Après avoir purgé trois ans et demi de prison, toujours en procès, Samaha a été libéré sous caution le 14 janvier dernier par la Cour de cassation militaire au Liban. Son audience reprendra le 23 février, mais pour Rifi, "cette affaire est la preuve de l'hégémonie exclusive du Hezbollah sur le gouvernement paralysé depuis des mois". D’ailleurs, la presse du Hezbollah et du reste du 8 mars ont fait de Michel Samaha un héros national, presque un demi-dieu.

 

Depuis, l’Arabie Saoudite a interdit à ses ressortissants de se rendre au Liban et a demandé à ceux qui s’y trouvaient de quitter notre pays. Riyad a été imité en cela par les Emirats Arabes Unis, qui ont, de plus, réduit leur représentation diplomatique au strict minimum, ainsi que par Bahreïn.  

 

Des députés sunnites, reçus en délégation par l’ambassadeur saoudien à Beyrouth, ont demandé au Roi Salmane de ne pas lâcher le Liban pour qu'il ne soit pas englouti par le projet perse ou qu'il ne devienne un deuxième Irak, une sorte de province rattachée à l'Iran.

 

Cela fait des années que je vous entretiens de ce processus. La réaction saoudienne a mis la majorité des Libanais devant leurs responsabilités, leur rappelant au passage que les chiites ne comptent que pour 33 pour cent de la population. Le gouvernement risque d’imploser, ce qui ferait tomber les masques.
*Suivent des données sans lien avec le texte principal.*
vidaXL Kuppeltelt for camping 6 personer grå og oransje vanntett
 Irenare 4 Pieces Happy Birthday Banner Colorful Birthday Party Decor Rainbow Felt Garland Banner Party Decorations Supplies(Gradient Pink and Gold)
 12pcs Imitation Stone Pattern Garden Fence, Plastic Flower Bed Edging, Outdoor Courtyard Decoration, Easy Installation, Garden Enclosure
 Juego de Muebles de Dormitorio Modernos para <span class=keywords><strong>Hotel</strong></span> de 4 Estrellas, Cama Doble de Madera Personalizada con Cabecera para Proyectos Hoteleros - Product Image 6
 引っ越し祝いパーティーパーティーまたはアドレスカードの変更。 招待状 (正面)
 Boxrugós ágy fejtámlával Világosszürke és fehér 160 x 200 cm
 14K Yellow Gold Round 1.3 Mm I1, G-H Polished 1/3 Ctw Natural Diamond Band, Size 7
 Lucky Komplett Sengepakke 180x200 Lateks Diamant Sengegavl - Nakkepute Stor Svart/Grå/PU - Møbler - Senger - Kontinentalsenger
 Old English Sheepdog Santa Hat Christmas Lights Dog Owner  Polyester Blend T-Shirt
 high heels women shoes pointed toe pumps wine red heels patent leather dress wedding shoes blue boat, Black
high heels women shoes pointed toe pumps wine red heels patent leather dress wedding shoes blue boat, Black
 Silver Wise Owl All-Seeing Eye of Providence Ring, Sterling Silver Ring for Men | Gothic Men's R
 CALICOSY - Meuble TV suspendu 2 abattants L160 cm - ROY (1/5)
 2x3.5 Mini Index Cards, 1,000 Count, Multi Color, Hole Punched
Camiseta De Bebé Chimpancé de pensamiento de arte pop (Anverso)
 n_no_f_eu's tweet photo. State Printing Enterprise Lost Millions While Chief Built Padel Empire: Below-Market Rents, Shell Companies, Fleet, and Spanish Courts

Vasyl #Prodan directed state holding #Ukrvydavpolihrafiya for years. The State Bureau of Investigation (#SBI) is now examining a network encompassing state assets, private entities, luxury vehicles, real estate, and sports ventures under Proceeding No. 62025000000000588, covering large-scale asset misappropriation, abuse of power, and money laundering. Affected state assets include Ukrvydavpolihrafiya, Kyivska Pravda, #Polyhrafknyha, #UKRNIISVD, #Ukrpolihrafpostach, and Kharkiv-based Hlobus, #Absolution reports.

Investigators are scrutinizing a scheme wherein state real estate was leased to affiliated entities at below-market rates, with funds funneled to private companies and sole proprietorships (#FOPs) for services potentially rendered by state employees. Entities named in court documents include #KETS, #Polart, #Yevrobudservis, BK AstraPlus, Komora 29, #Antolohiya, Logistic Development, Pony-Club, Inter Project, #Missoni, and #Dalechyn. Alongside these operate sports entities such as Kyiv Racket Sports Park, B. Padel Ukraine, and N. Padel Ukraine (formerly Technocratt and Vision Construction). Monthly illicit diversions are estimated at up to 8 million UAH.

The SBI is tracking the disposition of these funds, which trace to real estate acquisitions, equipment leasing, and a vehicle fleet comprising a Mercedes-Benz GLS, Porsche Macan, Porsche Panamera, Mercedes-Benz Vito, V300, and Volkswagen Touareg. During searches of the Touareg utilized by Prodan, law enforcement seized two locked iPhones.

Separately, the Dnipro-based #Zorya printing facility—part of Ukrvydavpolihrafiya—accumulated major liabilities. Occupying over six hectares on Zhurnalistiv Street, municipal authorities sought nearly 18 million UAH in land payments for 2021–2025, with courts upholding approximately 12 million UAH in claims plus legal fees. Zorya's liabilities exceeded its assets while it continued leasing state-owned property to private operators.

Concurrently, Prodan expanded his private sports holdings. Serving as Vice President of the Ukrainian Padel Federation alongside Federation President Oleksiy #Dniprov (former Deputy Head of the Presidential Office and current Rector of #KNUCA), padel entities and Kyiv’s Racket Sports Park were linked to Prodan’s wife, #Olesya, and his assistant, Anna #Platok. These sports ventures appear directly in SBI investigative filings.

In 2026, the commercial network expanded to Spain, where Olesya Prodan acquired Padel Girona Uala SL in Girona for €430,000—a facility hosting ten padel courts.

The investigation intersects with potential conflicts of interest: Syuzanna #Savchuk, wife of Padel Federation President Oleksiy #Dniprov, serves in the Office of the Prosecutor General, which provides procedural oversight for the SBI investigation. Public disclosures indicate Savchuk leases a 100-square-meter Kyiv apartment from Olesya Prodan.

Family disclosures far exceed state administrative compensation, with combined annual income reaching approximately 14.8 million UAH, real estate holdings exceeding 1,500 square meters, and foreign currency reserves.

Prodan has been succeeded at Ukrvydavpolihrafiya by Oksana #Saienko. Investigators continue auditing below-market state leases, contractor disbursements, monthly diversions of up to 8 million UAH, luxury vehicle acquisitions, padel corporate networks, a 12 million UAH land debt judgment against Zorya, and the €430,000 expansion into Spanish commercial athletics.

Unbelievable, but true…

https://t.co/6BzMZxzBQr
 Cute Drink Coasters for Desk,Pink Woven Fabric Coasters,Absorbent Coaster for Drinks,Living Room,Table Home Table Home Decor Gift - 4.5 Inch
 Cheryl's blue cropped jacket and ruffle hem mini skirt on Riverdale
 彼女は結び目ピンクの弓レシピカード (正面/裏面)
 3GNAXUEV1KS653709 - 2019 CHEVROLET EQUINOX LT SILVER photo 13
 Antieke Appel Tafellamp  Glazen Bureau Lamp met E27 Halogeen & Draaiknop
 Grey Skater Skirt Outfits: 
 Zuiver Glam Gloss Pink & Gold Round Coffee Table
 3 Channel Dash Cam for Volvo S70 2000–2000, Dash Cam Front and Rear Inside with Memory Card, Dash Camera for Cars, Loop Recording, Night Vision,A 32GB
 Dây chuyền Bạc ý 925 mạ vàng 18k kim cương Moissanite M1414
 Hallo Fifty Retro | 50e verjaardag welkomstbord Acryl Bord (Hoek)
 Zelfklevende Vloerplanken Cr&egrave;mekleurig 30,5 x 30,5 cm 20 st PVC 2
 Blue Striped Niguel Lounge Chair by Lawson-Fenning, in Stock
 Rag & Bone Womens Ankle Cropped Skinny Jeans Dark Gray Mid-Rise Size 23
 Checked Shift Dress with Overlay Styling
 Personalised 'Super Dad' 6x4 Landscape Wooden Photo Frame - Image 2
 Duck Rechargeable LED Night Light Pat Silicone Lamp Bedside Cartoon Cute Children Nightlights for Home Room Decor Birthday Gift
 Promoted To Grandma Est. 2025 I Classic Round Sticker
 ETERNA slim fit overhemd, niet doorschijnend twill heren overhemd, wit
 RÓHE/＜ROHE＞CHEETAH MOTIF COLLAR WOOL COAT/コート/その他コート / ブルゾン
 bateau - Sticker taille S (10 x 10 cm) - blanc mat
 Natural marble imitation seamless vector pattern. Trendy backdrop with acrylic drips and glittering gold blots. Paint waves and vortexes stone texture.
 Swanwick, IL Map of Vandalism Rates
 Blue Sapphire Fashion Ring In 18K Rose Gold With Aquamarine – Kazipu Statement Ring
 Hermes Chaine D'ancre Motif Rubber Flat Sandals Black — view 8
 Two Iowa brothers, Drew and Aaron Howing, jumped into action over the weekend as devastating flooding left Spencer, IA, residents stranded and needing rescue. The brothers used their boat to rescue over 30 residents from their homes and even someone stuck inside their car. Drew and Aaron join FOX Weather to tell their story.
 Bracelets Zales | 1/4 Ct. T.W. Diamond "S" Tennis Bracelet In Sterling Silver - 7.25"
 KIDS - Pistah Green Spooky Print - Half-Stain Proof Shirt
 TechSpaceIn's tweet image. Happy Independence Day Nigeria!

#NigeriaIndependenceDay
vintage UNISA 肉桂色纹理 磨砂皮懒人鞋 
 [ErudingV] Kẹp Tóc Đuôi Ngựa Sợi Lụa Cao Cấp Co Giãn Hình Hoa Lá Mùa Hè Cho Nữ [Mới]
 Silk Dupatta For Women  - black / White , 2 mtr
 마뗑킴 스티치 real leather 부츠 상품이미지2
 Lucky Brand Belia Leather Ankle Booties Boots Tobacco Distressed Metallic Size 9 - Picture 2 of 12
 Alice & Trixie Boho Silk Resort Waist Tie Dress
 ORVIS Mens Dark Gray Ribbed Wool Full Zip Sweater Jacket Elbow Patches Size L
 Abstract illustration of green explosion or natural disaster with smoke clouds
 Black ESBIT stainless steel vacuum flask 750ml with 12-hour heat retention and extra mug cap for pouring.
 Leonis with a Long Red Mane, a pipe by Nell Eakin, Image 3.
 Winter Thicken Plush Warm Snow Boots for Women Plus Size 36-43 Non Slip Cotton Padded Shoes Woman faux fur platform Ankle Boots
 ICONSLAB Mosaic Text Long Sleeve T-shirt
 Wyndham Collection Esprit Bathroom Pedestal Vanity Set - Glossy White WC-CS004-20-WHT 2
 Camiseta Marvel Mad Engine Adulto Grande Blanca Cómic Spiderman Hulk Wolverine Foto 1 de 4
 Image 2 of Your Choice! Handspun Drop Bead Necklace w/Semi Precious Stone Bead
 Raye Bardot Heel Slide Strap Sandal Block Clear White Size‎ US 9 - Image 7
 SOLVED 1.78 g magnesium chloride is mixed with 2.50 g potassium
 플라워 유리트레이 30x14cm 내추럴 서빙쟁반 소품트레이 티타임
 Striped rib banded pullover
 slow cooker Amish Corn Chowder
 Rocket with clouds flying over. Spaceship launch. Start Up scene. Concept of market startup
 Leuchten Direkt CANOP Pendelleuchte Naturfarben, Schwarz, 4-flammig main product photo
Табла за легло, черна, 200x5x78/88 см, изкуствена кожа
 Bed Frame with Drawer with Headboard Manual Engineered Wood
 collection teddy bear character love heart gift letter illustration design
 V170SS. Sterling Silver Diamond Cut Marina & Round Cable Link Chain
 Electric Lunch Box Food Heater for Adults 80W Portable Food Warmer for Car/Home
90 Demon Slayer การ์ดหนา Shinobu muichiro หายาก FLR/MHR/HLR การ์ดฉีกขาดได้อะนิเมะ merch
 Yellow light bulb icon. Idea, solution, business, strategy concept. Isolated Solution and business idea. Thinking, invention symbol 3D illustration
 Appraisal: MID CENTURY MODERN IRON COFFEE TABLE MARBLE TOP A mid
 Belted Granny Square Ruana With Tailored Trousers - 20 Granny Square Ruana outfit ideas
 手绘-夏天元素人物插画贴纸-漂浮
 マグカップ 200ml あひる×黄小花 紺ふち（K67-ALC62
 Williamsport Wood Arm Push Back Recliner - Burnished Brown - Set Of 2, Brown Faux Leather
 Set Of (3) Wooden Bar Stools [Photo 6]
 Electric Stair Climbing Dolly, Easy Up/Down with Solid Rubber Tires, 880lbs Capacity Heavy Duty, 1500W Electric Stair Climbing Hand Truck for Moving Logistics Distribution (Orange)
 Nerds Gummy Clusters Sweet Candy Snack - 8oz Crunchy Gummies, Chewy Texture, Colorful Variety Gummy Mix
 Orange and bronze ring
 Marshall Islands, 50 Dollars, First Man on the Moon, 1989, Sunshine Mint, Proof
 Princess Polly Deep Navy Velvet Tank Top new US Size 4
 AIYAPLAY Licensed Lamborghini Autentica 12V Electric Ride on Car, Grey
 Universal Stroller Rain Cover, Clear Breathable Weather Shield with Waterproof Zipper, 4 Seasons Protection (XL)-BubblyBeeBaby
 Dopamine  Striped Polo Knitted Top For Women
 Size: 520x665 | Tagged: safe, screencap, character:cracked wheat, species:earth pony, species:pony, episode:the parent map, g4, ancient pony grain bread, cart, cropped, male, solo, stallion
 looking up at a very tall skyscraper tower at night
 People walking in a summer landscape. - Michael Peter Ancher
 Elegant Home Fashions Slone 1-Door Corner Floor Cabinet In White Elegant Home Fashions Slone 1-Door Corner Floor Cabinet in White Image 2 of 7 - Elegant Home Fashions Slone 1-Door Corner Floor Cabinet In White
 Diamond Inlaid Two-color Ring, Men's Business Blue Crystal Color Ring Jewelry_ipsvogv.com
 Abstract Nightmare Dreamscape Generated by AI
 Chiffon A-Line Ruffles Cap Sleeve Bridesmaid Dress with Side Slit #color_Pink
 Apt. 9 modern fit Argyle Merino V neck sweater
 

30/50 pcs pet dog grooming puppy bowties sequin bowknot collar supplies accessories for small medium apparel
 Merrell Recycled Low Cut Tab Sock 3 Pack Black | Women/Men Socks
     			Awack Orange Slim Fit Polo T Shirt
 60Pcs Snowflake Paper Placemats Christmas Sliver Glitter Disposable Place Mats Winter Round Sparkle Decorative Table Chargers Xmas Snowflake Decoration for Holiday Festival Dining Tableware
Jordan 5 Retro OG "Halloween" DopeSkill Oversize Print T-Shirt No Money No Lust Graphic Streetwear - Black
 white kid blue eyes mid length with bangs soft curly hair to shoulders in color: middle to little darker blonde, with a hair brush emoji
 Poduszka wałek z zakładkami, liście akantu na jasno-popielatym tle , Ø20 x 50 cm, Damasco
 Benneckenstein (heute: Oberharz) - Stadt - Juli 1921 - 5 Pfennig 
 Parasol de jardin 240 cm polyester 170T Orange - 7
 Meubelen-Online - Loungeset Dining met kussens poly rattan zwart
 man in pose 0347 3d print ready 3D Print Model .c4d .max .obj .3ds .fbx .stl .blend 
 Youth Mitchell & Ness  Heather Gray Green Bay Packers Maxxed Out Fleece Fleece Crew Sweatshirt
Reste que, même s’ils sont embourbés en Syrie, les miliciens du Hezb ont l’avantage de posséder des armes, et ils n’hésiteront pas à s’en servir. Pas contre l’ "ennemi sioniste" mais contre leurs compatriotes libanais. Quant au peuple libanais, il a préféré faire confiance à son armée, elle-même…

 

Si la démission de Rifi nous a permis de regagner un tout petit peu de notre honneur perdu, elle n’a rien résolu pour autant. Nous sommes toujours en pleine guerre civile froide, et dans ces conditions, la coexistence est simplement impossible.